Sitka Gear
Extinct Eastern Elk
Elk
Contributors to this thread:
DL 11-Aug-14
AZBUGLER 11-Aug-14
LUNG$HOT 11-Aug-14
IdyllwildArcher 11-Aug-14
LUNG$HOT 11-Aug-14
cityhunter 11-Aug-14
sticksender 11-Aug-14
DL 11-Aug-14
cityhunter 11-Aug-14
Fuzzy 12-Aug-14
Medicinemann 12-Aug-14
DL 12-Aug-14
Medicinemann 12-Aug-14
hunt'n addict 12-Aug-14
David A. 12-Aug-14
JimG 13-Aug-14
Zbone 13-Aug-14
LINK 13-Aug-14
From: DL
11-Aug-14

DL's embedded Photo
DL's embedded Photo

DL's Link
Quite a find. What a stud of a bull.

From: AZBUGLER
11-Aug-14
Now that's a cool find!

From: LUNG$HOT
11-Aug-14
Wow thats incredible. Amazing how well the bone structure of this animal is preserved. I would think that under water and mud for over 100 yrs it would look much more weathered and broken down than it does.

11-Aug-14
Wow, look at those crowns.

From: LUNG$HOT
11-Aug-14
The MASS is ridiculous!!

From: cityhunter
11-Aug-14
why are the horns cut at the bases like that ? looks more like a HI Fence elk got free !!

From: sticksender
11-Aug-14
Skull probably broke apart along the suture lines due to the long period underwater.
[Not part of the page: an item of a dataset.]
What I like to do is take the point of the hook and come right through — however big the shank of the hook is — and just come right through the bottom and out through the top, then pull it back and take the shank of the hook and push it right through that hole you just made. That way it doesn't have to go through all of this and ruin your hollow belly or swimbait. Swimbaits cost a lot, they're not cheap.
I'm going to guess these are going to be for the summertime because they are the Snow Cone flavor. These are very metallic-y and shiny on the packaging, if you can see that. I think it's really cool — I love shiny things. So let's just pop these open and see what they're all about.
Very cool to find one that old with the antlers so well preserved.

From: DL
11-Aug-14
Here's the carbon dating results, “There’s a 97.5 percent chance that it’s 1850 or older, which would put firmly into the range of the extinct Eastern elk,” said Lou Bender, a researcher at New Mexico State University.

From: cityhunter
11-Aug-14
can it be cloned !!!

From: Fuzzy
12-Aug-14
cityhunter, those arent cuts, the skull separated at the joints, (as sticksender said) if you look at an elk, whitetail, or other cervid skull, you can see the joints as squiggly lines, exactly in the locations where the pictured skull portions (with antlers)are separated

From: Medicinemann
12-Aug-14
DL,

What a gorgeous set of antlers. Were they found in an old attic somewhere? They are in great shape....no rodent gnawing, significant chemical staining (maybe a little yellowing, but given the age, that is to be expected), or anything!! Assuming the young lady is your daughter, she seems to enjoy the playful pose with antlers on her head too.....that is a photo for the family album.....(edit: My bad, I missed the link...my questions were answered in it)
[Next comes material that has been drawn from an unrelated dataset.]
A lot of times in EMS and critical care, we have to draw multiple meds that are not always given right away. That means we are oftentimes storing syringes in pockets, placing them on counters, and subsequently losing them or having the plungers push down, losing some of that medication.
That rack really reminds me of a Roosevelt Elk or a red stag, because of the crown.

From: DL
12-Aug-14
He found the whole skeleton in a lake.buried in mud.

From: Medicinemann
12-Aug-14
Amazing!!

That explains the absence of rodent gnawing......I would have expected more "staining".....great find!!

12-Aug-14
The article says they were fishing and they saw something sticking out of the mud. Sounds like they actually saw part of the vertebra first.

From: David A.
12-Aug-14
The eastern elk often had bifurcated 4ths. Some of the transplanted elk into New Zealand a long time ago were likely from a game park that had an eatern elk lineage. Some of the New Zealand bulls still show bifurcated 4ths.

IMO, some New Zealand bulls with those features should be captured and re-transplanted back into the Eastern USA. In New Zealand, they are considered pests and this lineage is arguably endangered.

12-Aug-14
the fish snaggers occasionally drag one up from the muck in the missouri river where I live near St. Louis.

From: JimG
13-Aug-14
I found a petrified shed antler from an Eastern Elk in Northwest Indiana several years ago. I was walking in a ditch that had been straightened by going through an old peat bog. The shed was old enough that native Americans had broken off all the tines and the main beam to get what tools they could use from it. There was no animal knowing at all. The bases of all the tines were splintered. I lived in Lake County which is the most Northwestern county in the state.

That's a great find and an interesting project to determine the age.

Jim

From: Zbone
13-Aug-14
Amazing find.... Yeah, cloning would be cool to try to recover the an extinct species. A real Jurassic Park...

From: LINK
13-Aug-14
I agree with David A on this, red stag in eastern US. If we could just get the wolf lovers to fall in love with the stag.